In 1947 Daudel, Jean and Lecoin predicted the existence of a two-body beta-decay mode in which the daughter nucleus and the electron remain bound (Daudel, Jean and Lecoin (1947)). For the beta-decay of the free neutron, this is referred to as “bound beta-decay” or “BoB”.

I have never noticed this area of research and it is very interesting.


It appears you are asking about the decay of a free neutron, not the beta decay of a radionuclide. Neutron decay results in the release of a proton, electron and an antineutrino each with kinetic energy, since this is an exothermic process (rest mass of neutron greater than rest masses of proton plus electron, antineutrino has zero rest mass). 0.78 MeV is the total kinetic energy of the proton, electron, and antineutrino. Since the electron has kinetic energy it "escapes" its point of origin and has a very low probability of combining with the proton to form a hydrogen atom. If the electron does not escape the surrounding medium, it will eventually be captured and form an ion within the medium (same for the proton).

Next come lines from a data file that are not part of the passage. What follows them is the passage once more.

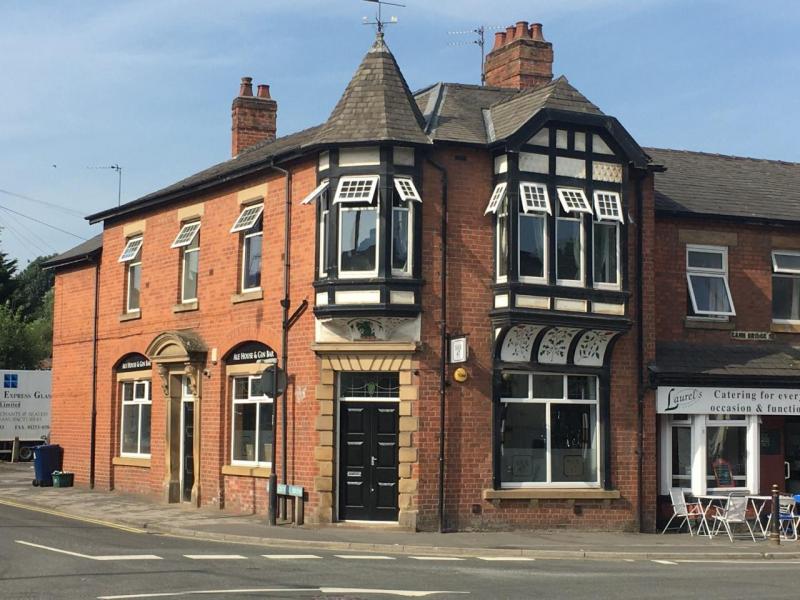 Bar 47, Higher Walton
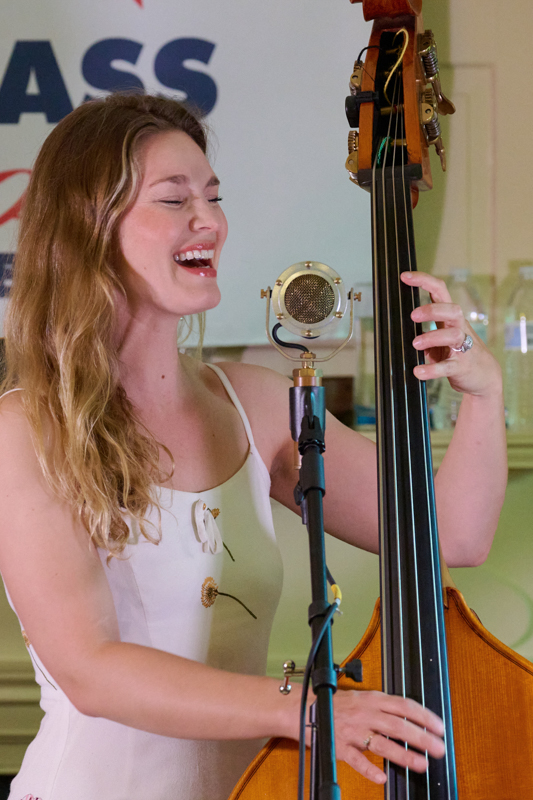 Shelby Means performs at a house concert in Vienna, VA (6/10/26) - photo © Shannon Ayers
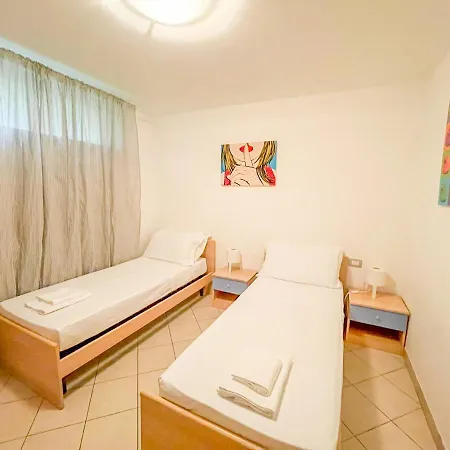Homiday - Villaggio Pineto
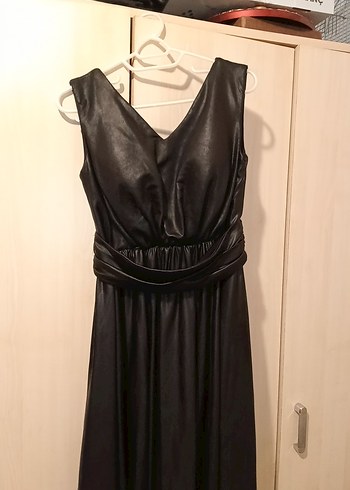 Siyah Deri Görünümlü kısa V Yakalı Elbise - Görsel 3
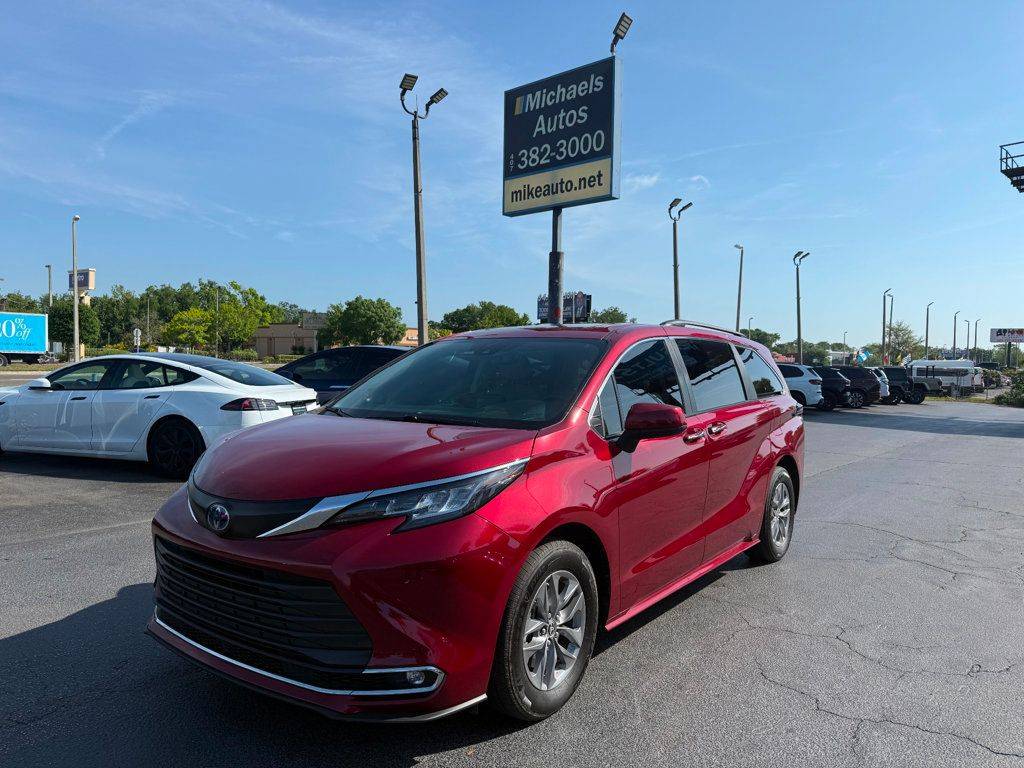 2022 Toyota Sienna XLE — Minivan — 42,294 mi — Orlando, FL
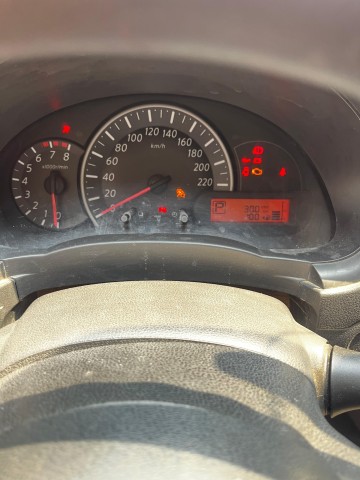 Venda Nissan Micra Vermelho a venda
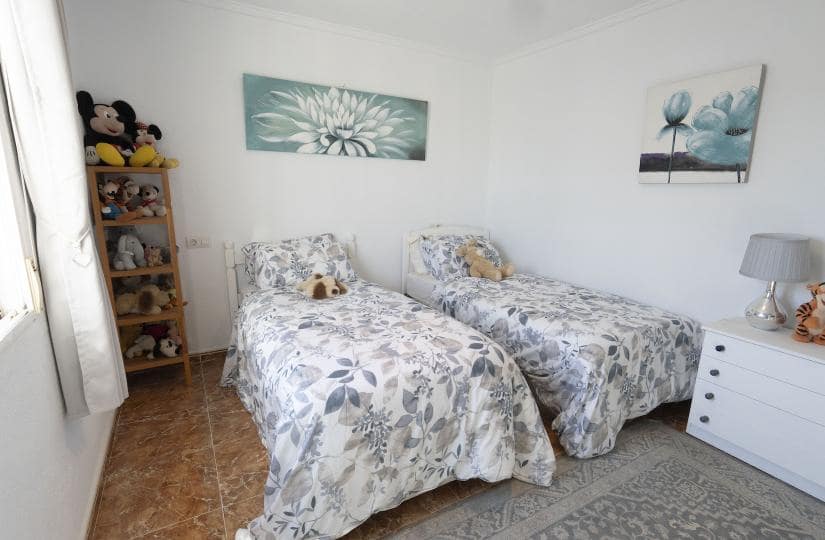 3 chambre Villa/Maison à vendre à San Luis avec piscine garage - 335 000 € (Ref: 9420425)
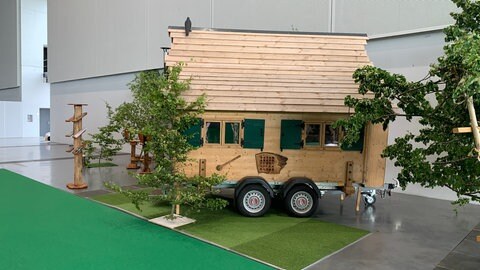 In der Messe Karlsruhe startet das Tiny House Festival "New Housing". Vor Ort gibt es viele verschiedene kleine Häuser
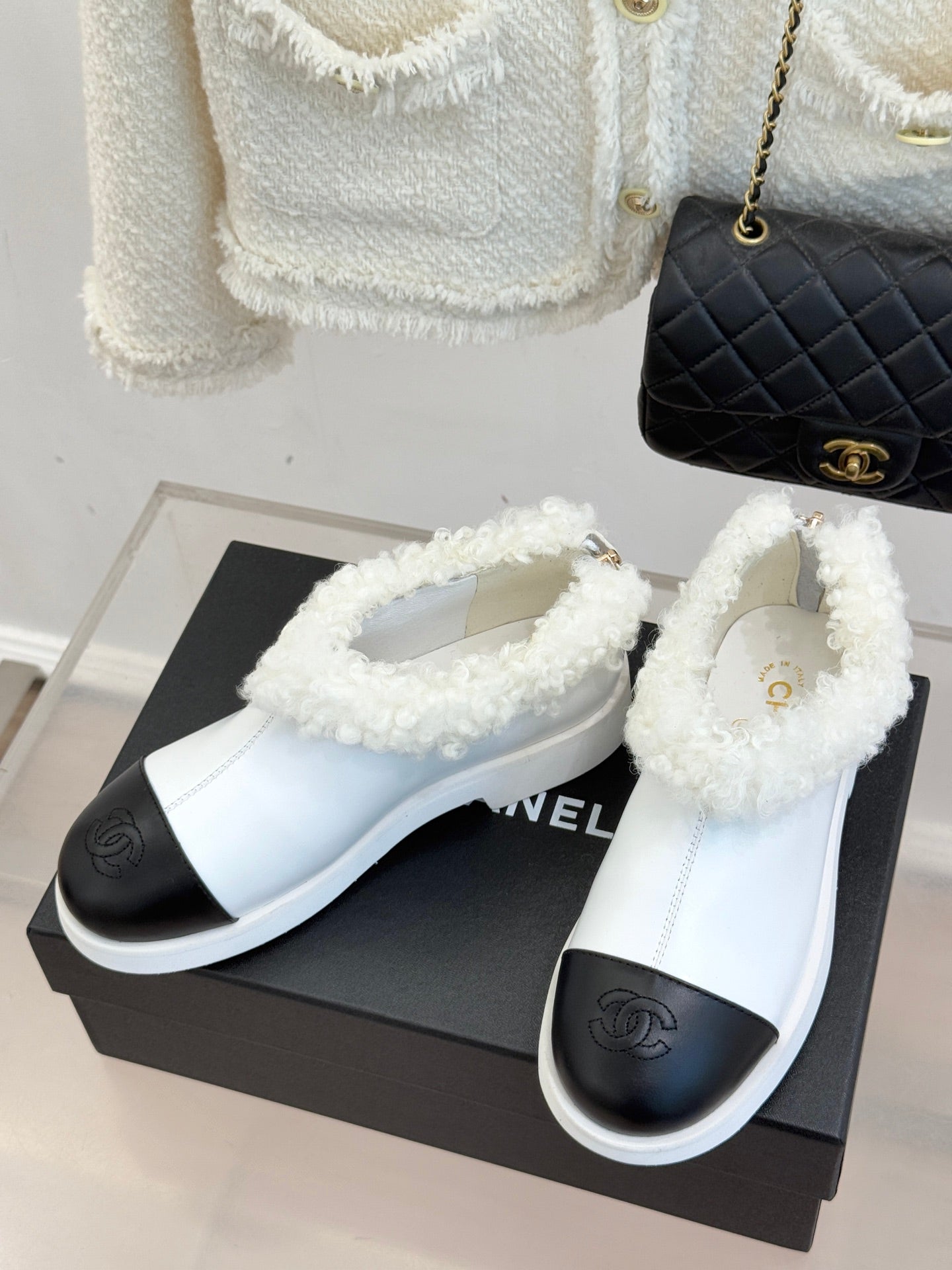 CC 25s  Furry Snow Boots White Black Leather Wool 512065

When a particle at rest decays, the momentum of the fragments has to add up to zero, because momentum is a constant when there isn’t any external force. In a two-body decay this means the two fragments have equal and opposite momenta. In a three-body decay, the magnitudes of the different momenta take on different values depending on the angles between them. Computing the details of the spectrum is hard, but the hand-waving approximation is that each fragment carries about the same amount of momentum.

This means that nearly all of the energy in the decay is carried away by the low-mass electron and the ultra-relativistic neutrino: the poor nucleus only gets to carry kinetic energy $\sim p^2/2M$, while the electron gets to carry $\sim p^2/2m_e$.

The reason that we can separate nuclear physics from atomic physics is that the energy scales involved in the interactions are very different. In order to separate an electron from a hydrogen atom, you have to supply it with a minimum of 13 electron-volts (eV) of energy. But the typical energy in a nuclear decay is $10^6$ eV. So in the vast majority of decays, the electron and the nucleus go in different directions, with too much energy for the electromagnetic force to bind them.

However, there is a very small corner of the parameter space where nearly all of the energy is carried away by the neutrino, leaving the daughter nucleus and the decay electron nearly at rest. This is called a “two-body beta decay” or a “bound beta decay.” For the free neutron, whose beta-decay energy is around 0.8 MeV, the bound decay $$\require{mhchem} \ce{n \to H + \nu}$$ is predicted to occur a few times out of every million decays. This 2014 paper outlines a proposed attempt to measure it, but the experiment is tricky and I wouldn’t be surprised if there were no result yet —— they hadn’t even picked a site for the experiment. The goal would be not just to detect the rare decay mode, but to measure the total spins of the produced hydrogen atoms, which tell you in a direct way about the spins of the invisible neutrinos.

You could in principle apply the same logic to heavier beta emitters. One candidate might be bound tritium decay, $$\ce{^3H \to {}^3He + \nu},$$ where the beta decay energy is much smaller (around 15 keV) and the ionization energy well is deeper: you can imagine the odds of the neutrino carrying away “all” of the energy might be many per million decays, instead of a few per million decays. But [experimentalist rabbit hole deleted] it’s not clear to me that a higher branching ratio would immediately make for a better experiment.

You would never expect to find a decay like

$$\ce{ ^{14}C \not\to {}^13C + {}^1H + \nu }$$

because it takes at least 10 MeV to knock a proton or neutron out of a stable nucleus, and beta decays are typically not that energetic.

tl;dr summary: such decays are predicted, rare, not yet observed, but not really in doubt.